Since $N$ is independent of each $X_i$, Theorem 5.1.25 of the textbook says that $$G_Y= G_{N} \circ G_{X}.$$
It's easy to compute (and it's done in the textbook) $$G_{N}(s) = \exp(\mu(s-1)).$$
Further
$$
\begin{align}
G_{X}(s) &= \sum_{k\geq 1}s^{k} \frac{(1-p)^k}{k \log(1/p)} \\
&= \frac{1}{\log(1/p)} \sum_{k\geq 1} \frac{(s(1-p))^k}{k} \\
&= \frac{\log(1/q)}{\log(1/p)} \sum_{k\geq 1} \frac{(1-q)^k}{k\log(1/q)} \qquad (q := 1-s(1-p))\\
&= \frac{\log(1/q)}{\log(1/p)}\qquad \bigg(\text{Since } \frac{(1-q)^k}{k\log(1/q)} \text{ is a pmf.}\bigg) \\
&= \frac{\log q}{\log p} \\
&= \frac{\log(1-s(1-p))}{\log p}.
\end{align}
$$
Therefore
$$
\begin{align}
G_{Y}(s) &= G_{N}(G_{X}(s)) \\
&= \exp\bigg(\mu \big(\frac{\log(1-s(1-p))}{\log p} – 1\big)\bigg).
\end{align}
$$
Now since an nbd with parameters $r$ and $\alpha$ is a sum of $r$ independent geometric random variables (each with parameter $\alpha$), that nbd has pgf given by raising the pgf of each geomtric random variable to the power $r$:
$$
\left(\frac{\alpha s}{1-s(1-\alpha)}\right)^{r}.
$$
However, setting
$$
\exp\bigg(\mu \big(\frac{\log(1-s(1-p))}{\log p} – 1\big)\bigg) = \left(\frac{\alpha s}{1-s(1-\alpha)}\right)^{r}
$$
allows me to solve for $\alpha$, but gives something weird, which I doubt is correct.
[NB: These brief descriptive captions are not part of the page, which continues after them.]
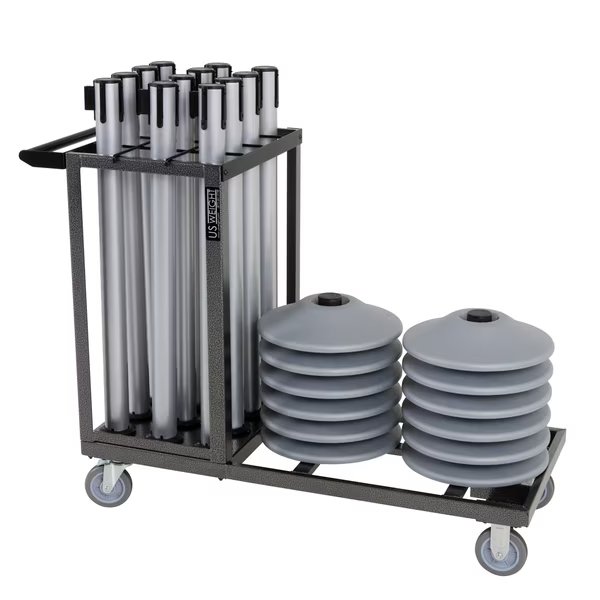 Statesman Stanchion Cart Kit, Silver Premium Steel, Us Weight, Mfr#: U2509SLVR12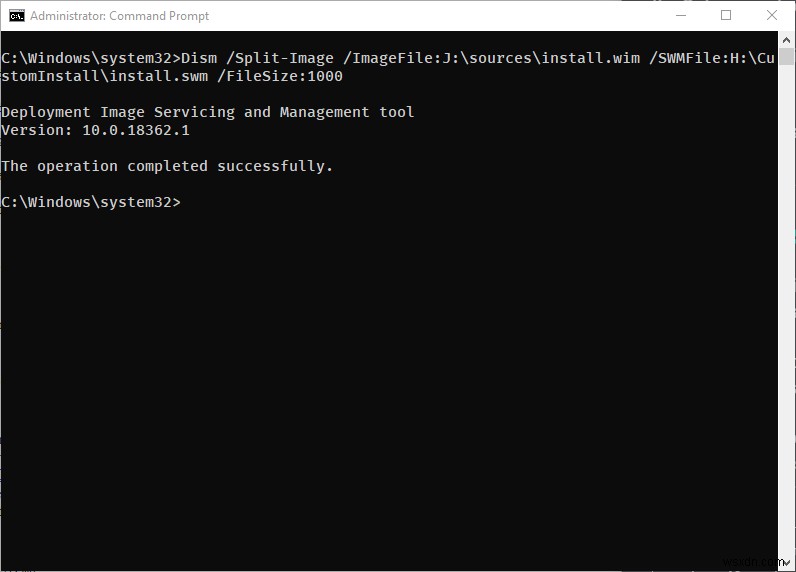 4GB 넘는 install.wim 파일 분할 방법 (GImageX · DISM 명령어)
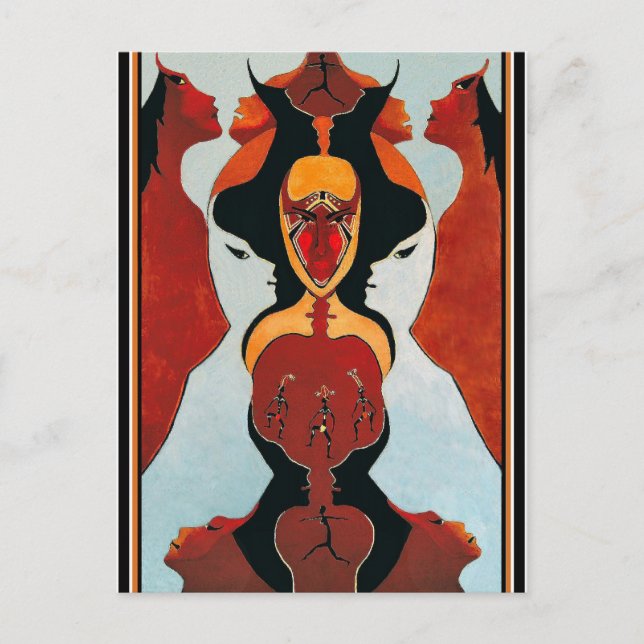 20 Ansikte - stamdansare Vykort (Framsida)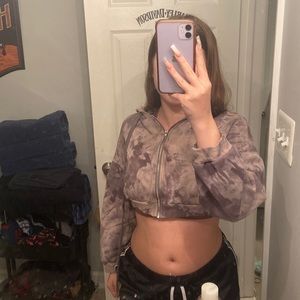 fashion nova cropped zip up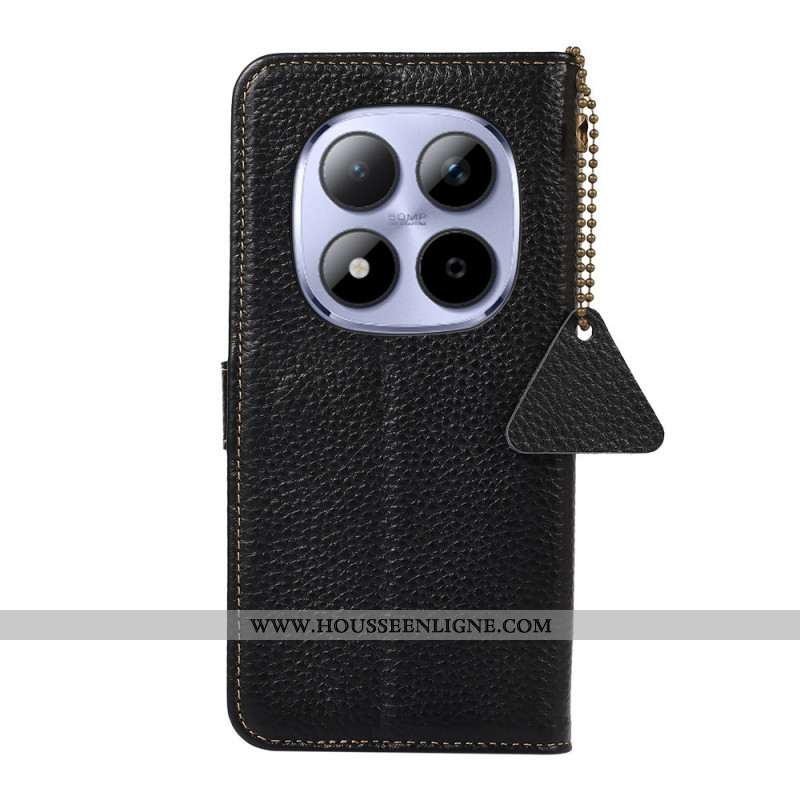 Housse Xiaomi Redmi Note 15 Pro 5G Cuir Véritable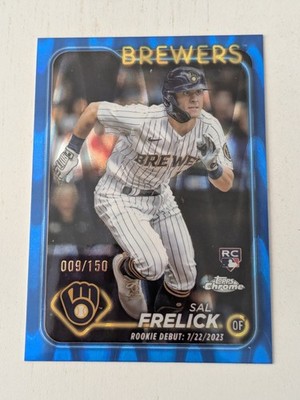 2024 Chrome Update Debut Blue RayWave Refractor /150 Sal Frelick Rookie RC SP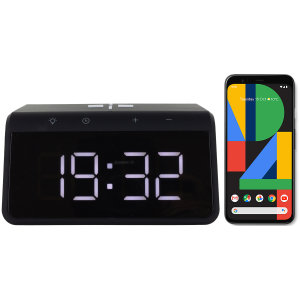 Réveil KSIX Alarm Clock Google Pixel 4 avec chargeur rapide sans fil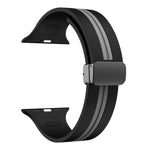 Textured Dual-Layer Band with Pin-and-Hole Adjustment for Apple Watch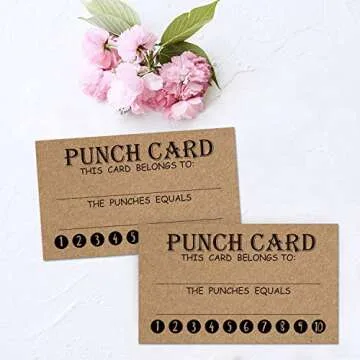 50 Rewards Punch Cards-Incentive Cards For Kids, Students, Teachers, Small Business, Classroom, Chor...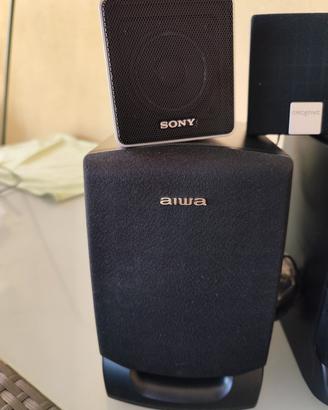 Aiwa Sony Creative speakers 
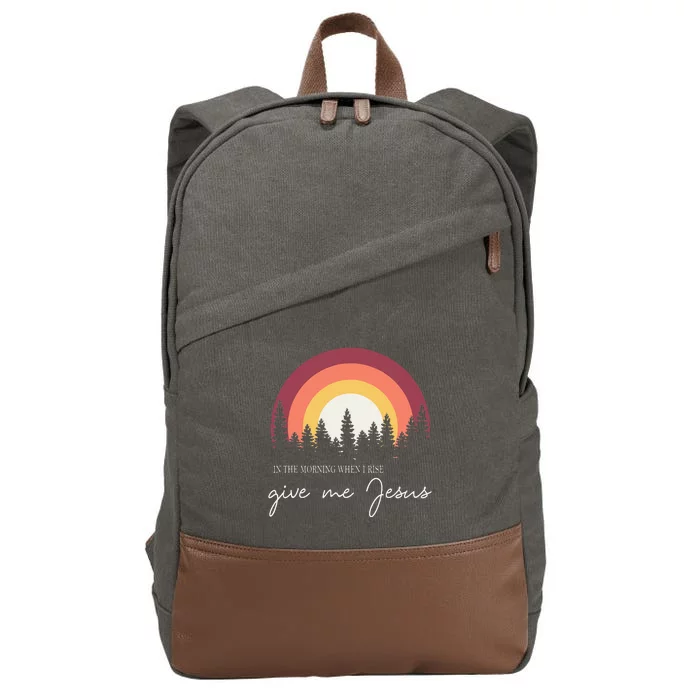 In The Morning When I Rise Give Me Jesus Cotton Canvas Backpack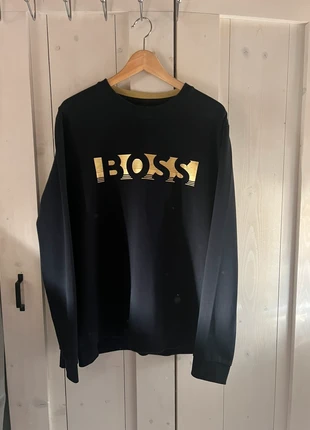 BOSS sweater donkerblauw goud, marca: Boss, estado: Nuevo sin etiquetas, tamaño: XXL, 37,50 €, 40,08 € Protección al comprador incluida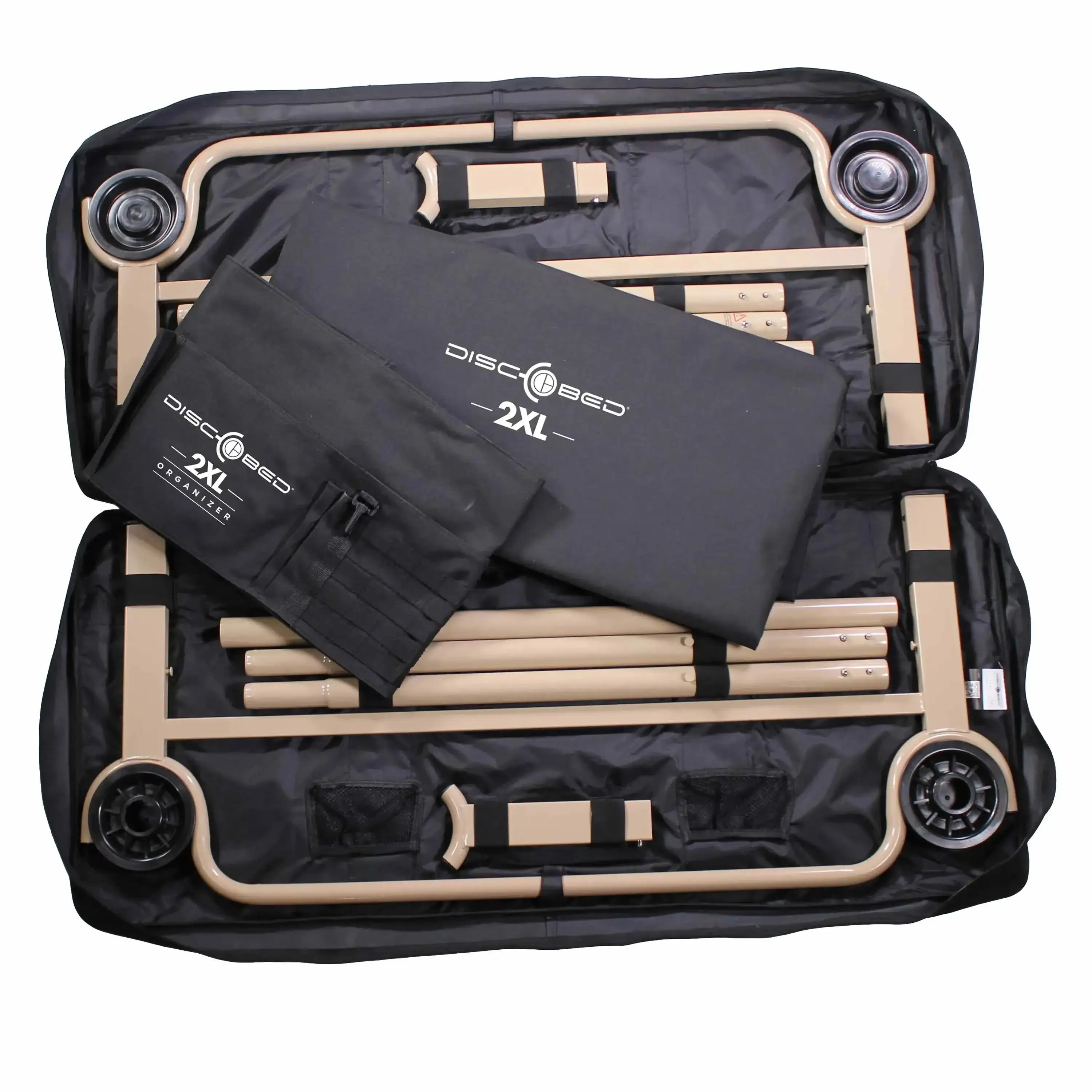 Camp bed 2XL with side pockets - Image 7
In fact, I suspect that it should be the case that $Y$ is nbd with paramters $\alpha = p$ and $r= \mu$.
Where am I erring?
Is there a better (i.e. simpler) approach to this problem?
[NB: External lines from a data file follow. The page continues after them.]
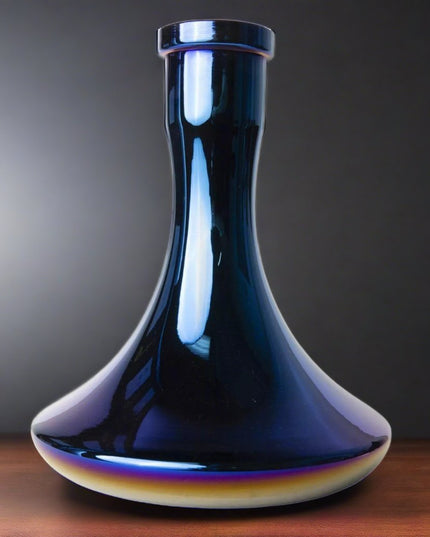 Essentials - Russian Style Shisha Base / Vase - Blue Chrome - The Premium Way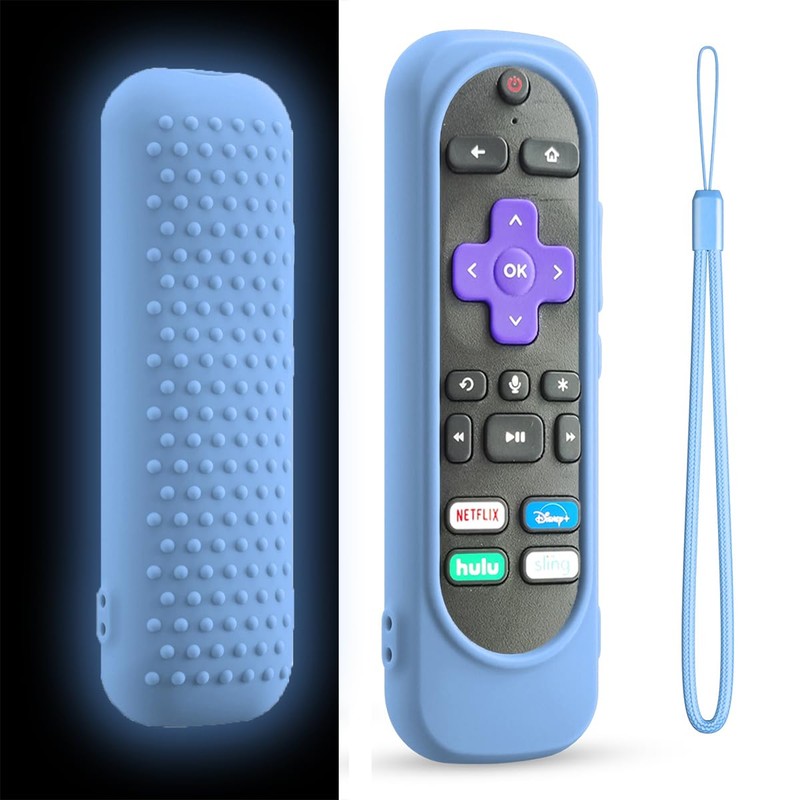 Silicone Remote Case for Roku TV Remote,Silicone Case Cover Compatible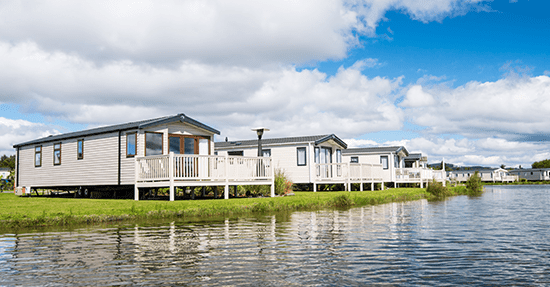 Wonen in een houten chalet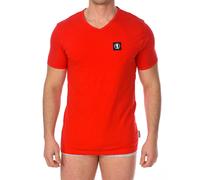 Bikkembergs Mens Pack 2 Fashion Pupino T-shirts - Red Cotton - Size Medium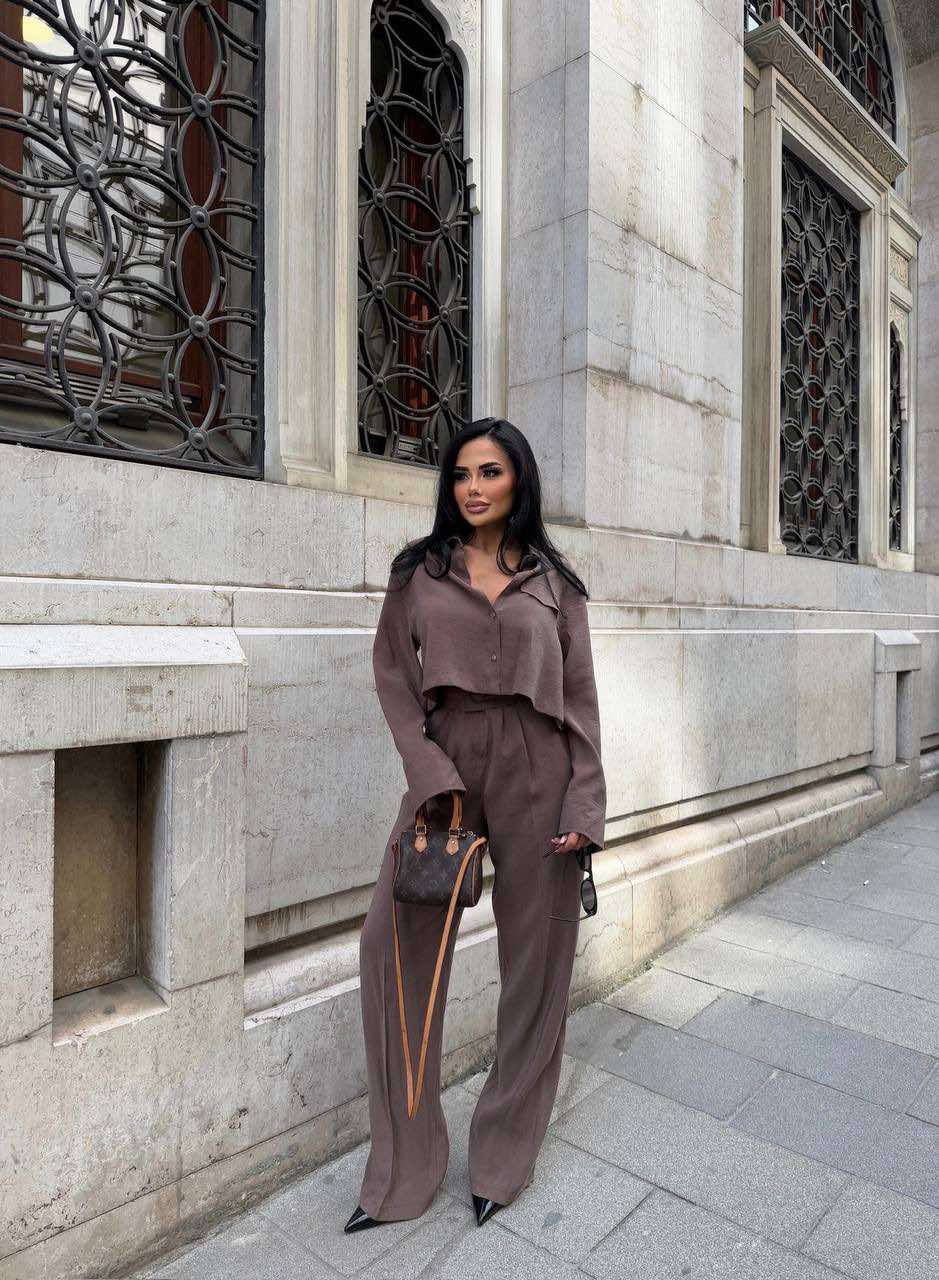 Brown Fiorella Set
As a side question, I noticed that Wikipedia gives the pgf of a negative binomial as
$$
\left(\frac{1-\alpha}{1-\alpha s}\right)^{r},
$$
which is apparently different from the one I calculated above (though still not clearly equal to $G_{Y}(s)$ for any values of $\alpha$ and $r$). Why the discrepancy between my calculation of the pgf of an nbd and Wikpedia's entry?
EDIT
In the textbook I cited above, a random variable $W_{r}$ is defined to be nbd if it has pmf
$$
\mathbb{P}(W_{r} = k) = \binom{k-1}{r-1} \alpha^{r} (1-\alpha)^{k-r}, \qquad k=r,r+1,\ldots.
$$
It is then pointed out that $W_{r}$ is the sum of $r$ independent geometric random variables; i.e.
$$
W_{r} = Z_{1} + Z_{2} + \cdots + Z_{r},
$$
where each $Z_{i}$ has pmf
$$
f_{Z} = \alpha(1-\alpha)^{k-1}, \qquad k=1,2,\ldots.
$$
Best Answer
The discrepancy results from the fact that you used the geometric distribution supported on the set $\{1,2,3,\ldots\}$ (number of trials needed to get one success, which is $1$ if there's a success on the first trial), whereas the article used the geometric distribution supported on the set $\{0,1,2,3,\ldots\}$ (number of trials before the first success, which is $0$ if there's a success on the first trial). Also, which "negative binomial distribution" are you using? The the distribution of the number of trials needed to get $r$ successes (counting both the successes and the failures among the trials) or the distribution of the number of failures before the $r$th success (or of successes before the $r$th failure, which is how the article phrases it)? The latter distribution is supported on $\{0,1,2,3,\ldots\}$ and the former on $\{r,r+1,r+2,\ldots\}$. The latter is more interesting in some ways because it allows $r$ to be a non-integer and gives you an actually infinitely divisible family of probability distributions.